È successo poco prima della mezzanotte di sabato, ha riferito la polizia di stato dell’Illinois, quando diverse pattuglie hanno risposto a numerose segnalazioni che parlavano di una festa troppo rumorosa a Venice, località omonima di quella sulla costa californiana, al confine fra Illinois e Missouri. Le chiamate parlavano di colpi d’arma da fuoco sentiti distintiamente da tutto il vicinato.
Secondo la polizia, all’interno della festa sarebbe scoppiata una rissa, con armi saltate fuori all’improvviso: temendo il peggio Jaylon si stava allontanando velocemente quando è stato colpito da un proiettile vagante. Lui e una ragazza di 15 anni sono stati portati in un ospedale, dove Jaylon McKenzie è morto poco dopo il ricovero: anche la ragazza è in condizioni critiche.
La “Louis School District 189”, la scuola frequentata da Jaylon, ha confermato che alcuni dei propri studenti sono stati coinvolti nello scontro a fuoco: “Abbiamo ancora pochi dettagli sull’accaduto: sappiamo solo che alcuni dei nostri giovani, le famiglie e il personale scolastico hanno dovuto affrontare quest’anno una serie di tragedie e di episodi di violenza. Chiediamo spazio e tempo nel rispetto del dolore per quest’ultimo dramma immenso”.

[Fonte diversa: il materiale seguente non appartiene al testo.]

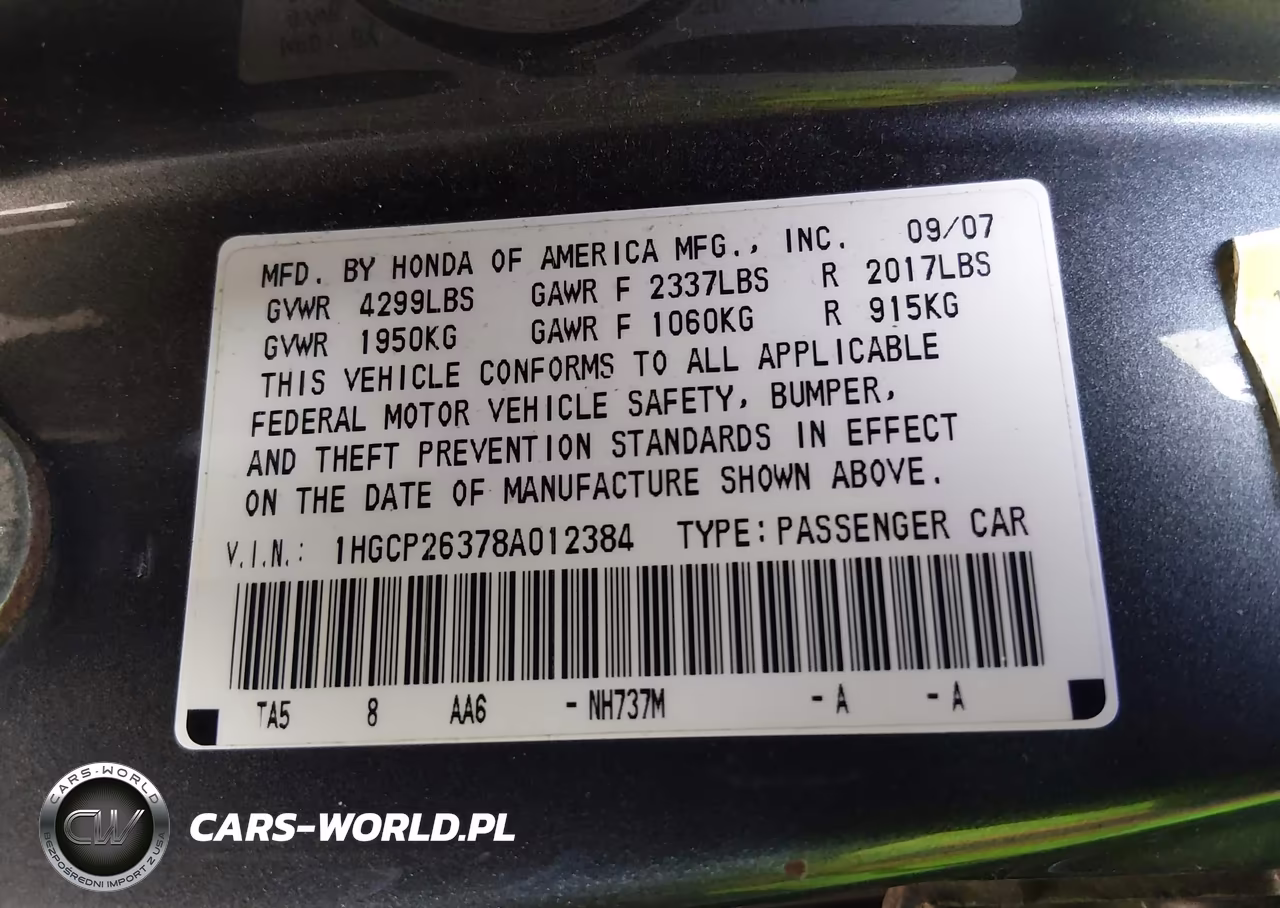 2008 Honda Accord 2.4 Lx VIN:1HGCP26378A012384 - 9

Sukeena Gunner, la madre di Jaylon, ha riferito che si è trattato di un tragico caso del destino, perché la sua famiglia nei weekend era solita viaggiare per seguire il ragazzo nelle partite: “Non frequentava quasi mai le feste, non ne aveva il tempo”, ma questo mese aveva meno impegni e ne ha approfittato per passare una serata fra gente della sua età. “Non aveva intenzione di fermarsi a lungo, era lì insieme ad un’amica giusto per bere qualcosa e salutare gli amici”.
Intorno alla mezzanotte, la mamma ha ricevuto una telefonata dal fratello di Jaylon che le comunicava la tragedia. “Ho iniziato a urlare e mi sono inginocchiata per chiedere al Signore di non prendersi il mio bambino. Ora è tutto molto difficile: è come un brutto sogno, è come se dovessi svegliarmi domattina e rivedere il mio ragazzo sorridente che chiede qualcosa da mangiare, come fa sempre”.
Jaylon era il più giovane di cinque figli, e ha sempre amato il football: "lo raccontiamo sempre, la sua prima parola non è stata mamma o papà, ma Pallone. Amava solo quello: dal momento in cui è stato in grado di camminare e correre, voleva solo giocare a football”.
Quando ha iniziato a giocare in una squadra, Jaylon ha voluto la maglia numero 3, ma ha cambiato con il 6 quando aveva 8 anni, perché adorava De’Anthony Thomas, ricevitore dei “Kansas City Chiefs”.
Ma al di fuori dello sport, Jaylon era molto di più: “Amava vestirsi alla moda, adorava le scarpe da ginnastica, i videogiochi, lo shopping e uscire con il suo gruppo selezionato di amici. Non era un ragazzo di molte parole, era introverso, ma tutti lo conoscevano e lo amavano”.